What to work on: Skip the pictures, please, and write out exactly the lines from the opening of the data through the line containing "Even though epoxides".

Provided data:

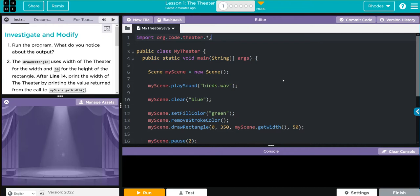Hey kids, welcome to unit 4 lesson 1, the theater exercise number one. We have an investigate and modify lesson. Our first thing to do is run the program and notice the output, but before we do, let's take a look at the code first. We have an import statement, I'm not going to talk about it in this video.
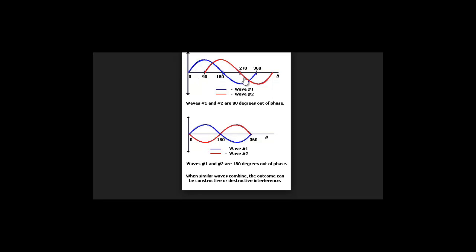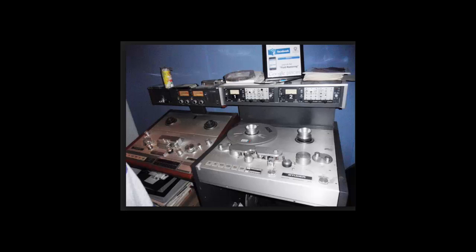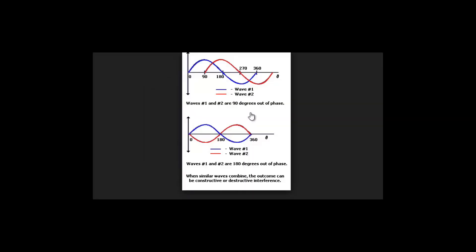Flanging came from getting identical signals on two different reel-to-reel tape machines. So you'd get one stereo reel-to-reel, put the same track on a second reel-to-reel, play them together in sync. You would touch the edge of the reel of one of the machines to slow the reel down, touching the flange, and what that did was put the signals out of phase with each other, making that classic flanger effect.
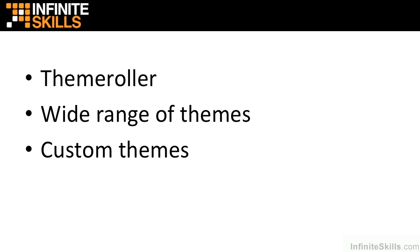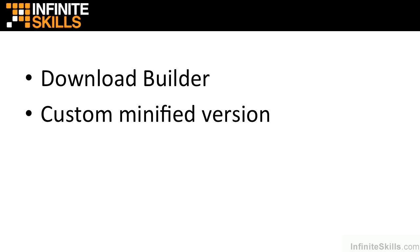There is also a download builder that we can use to create a custom, minified version of the library containing only the different components that we require, instead of having to use the whole library in its entirety.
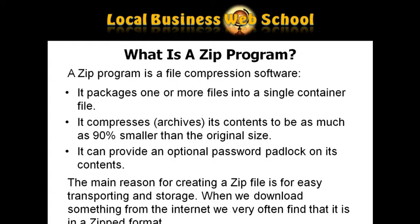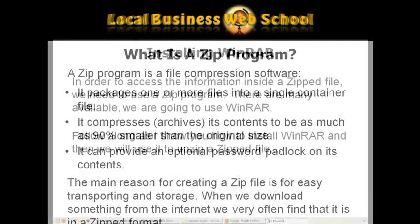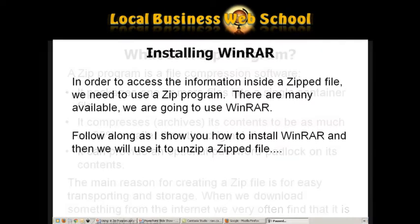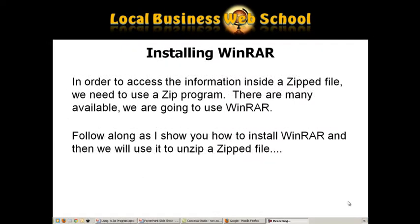When we download something from the internet, we often find that it is in a ZIP format. In order to access the information inside a ZIP file, we need to use a ZIP program.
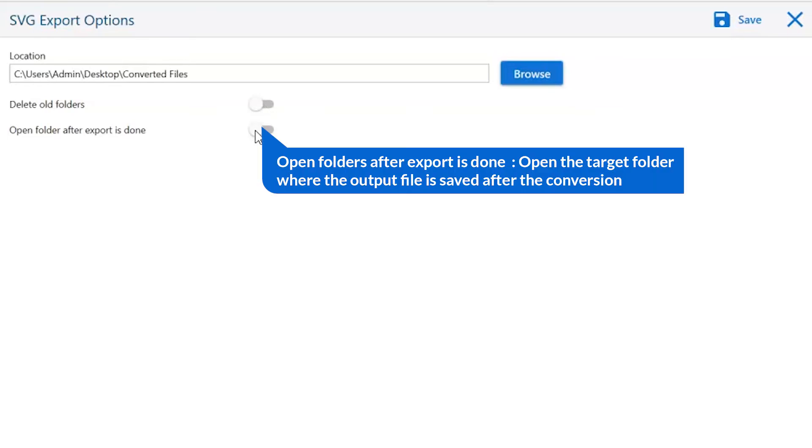Open folder after export is done automatically opens the final result after conversion is done.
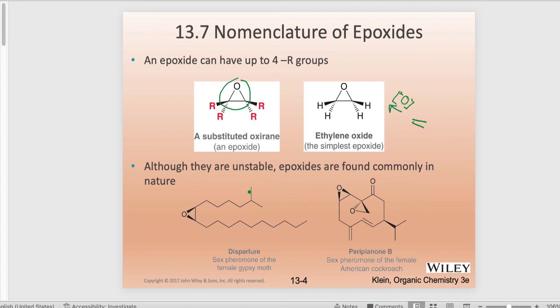Even though epoxides are less stable and therefore more reactive — making them very important intermediates for functionalization of organic molecules — we do find them in nature. Here is polyure, a sex pheromone for the female gypsy moth, and also for the American cockroach, you can see these two epoxide structures.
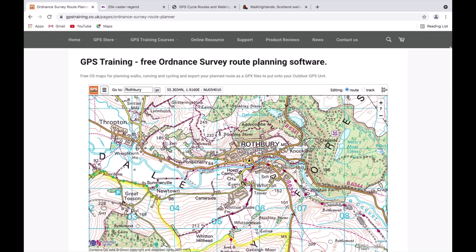Hi, this is Andy from GPS Training. Continuing on from our last video on the overview of our free Ordnance Survey route planning software. In this video I'm going to show you how you can plan a route on the software, amend and edit the route, and then save the route to your computer ready to transfer onto your compatible GPS device or GPS watch.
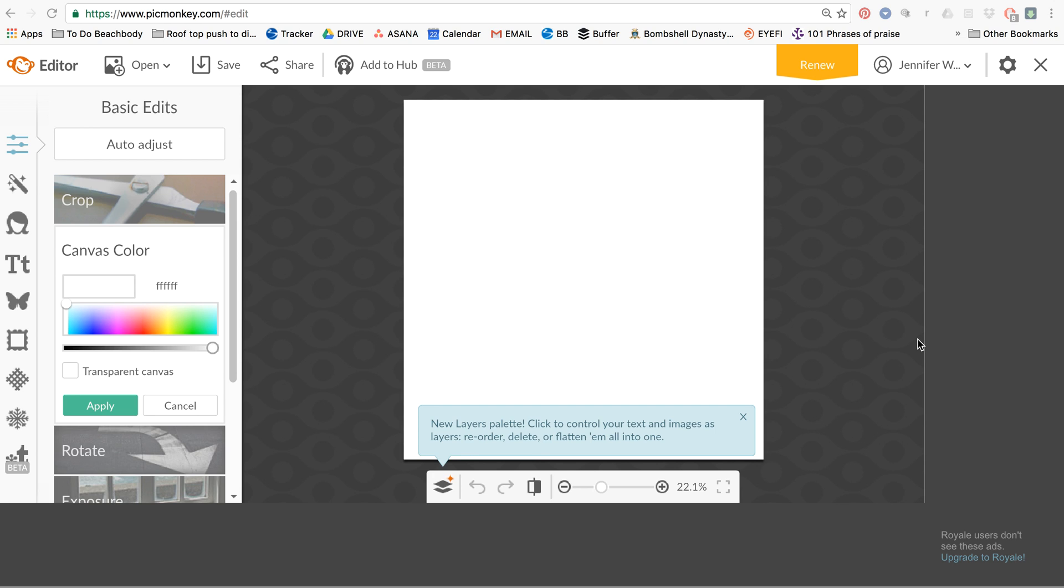Hey there, excuse me, hey there, this is Jennifer Wood and I wanted to show you how you can make a transparent logo.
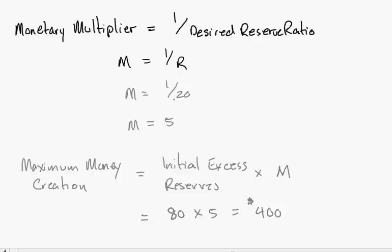Much more than that initial deposit of $100 which created the $80 in excess reserves. That is exactly how our chartered banks create money by loaning it out through the fractional reserve system.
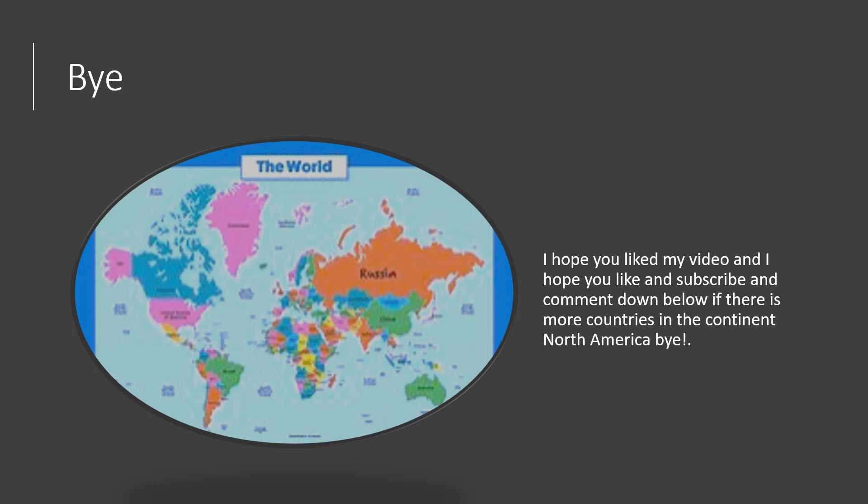I hope you liked my video. Please like, subscribe, and comment down below if there are more countries in the continent of North America. Bye! Hope you enjoyed my video.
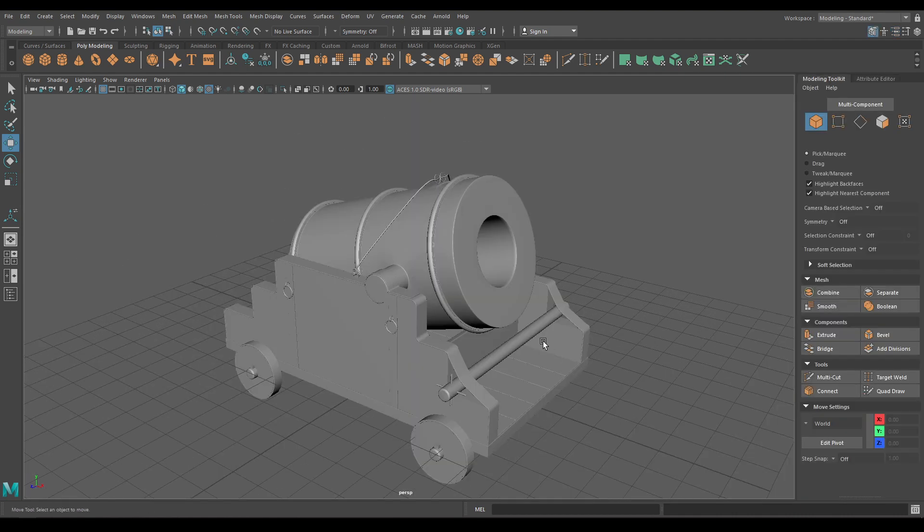So we have added all the necessary details and completed this model. That's it for today, and in the next video we are going to unwrap this model. I hope you liked this video, and if you did then subscribe to the channel and follow me on Instagram - you'll find the links in the description. You can also join my Discord channel, and if you have any issues regarding modeling or texturing you can ask your questions in Discord. I'll see you in the next video, till then thank you for watching.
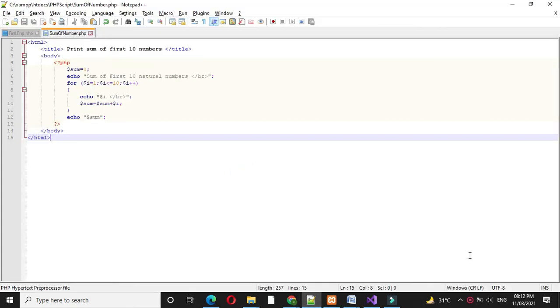It will print sum of first 10 natural numbers, the numbers along with their sum.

Reply to the task:
Hey kids, welcome to unit 4 lesson 1, the theater exercise number one. We have an investigate and modify lesson. Our first thing to do is run the program and notice the output, but before we do, let's take a look at the code first. We have an import statement, I'm not going to talk about it in this video.
Flanging came from getting identical signals on two different reel-to-reel tape machines. So you'd get one stereo reel-to-reel, put the same track on a second reel-to-reel, play them together in sync. You would touch the edge of the reel of one of the machines to slow the reel down, touching the flange, and what that did was put the signals out of phase with each other, making that classic flanger effect.
There is also a download builder that we can use to create a custom, minified version of the library containing only the different components that we require, instead of having to use the whole library in its entirety.
When we download something from the internet, we often find that it is in a ZIP format. In order to access the information inside a ZIP file, we need to use a ZIP program.
Open folder after export is done automatically opens the final result after conversion is done.
Even though epoxides are less stable and therefore more reactive — making them very important intermediates for functionalization of organic molecules — we do find them in nature. Here is polyure, a sex pheromone for the female gypsy moth, and also for the American cockroach, you can see these two epoxide structures.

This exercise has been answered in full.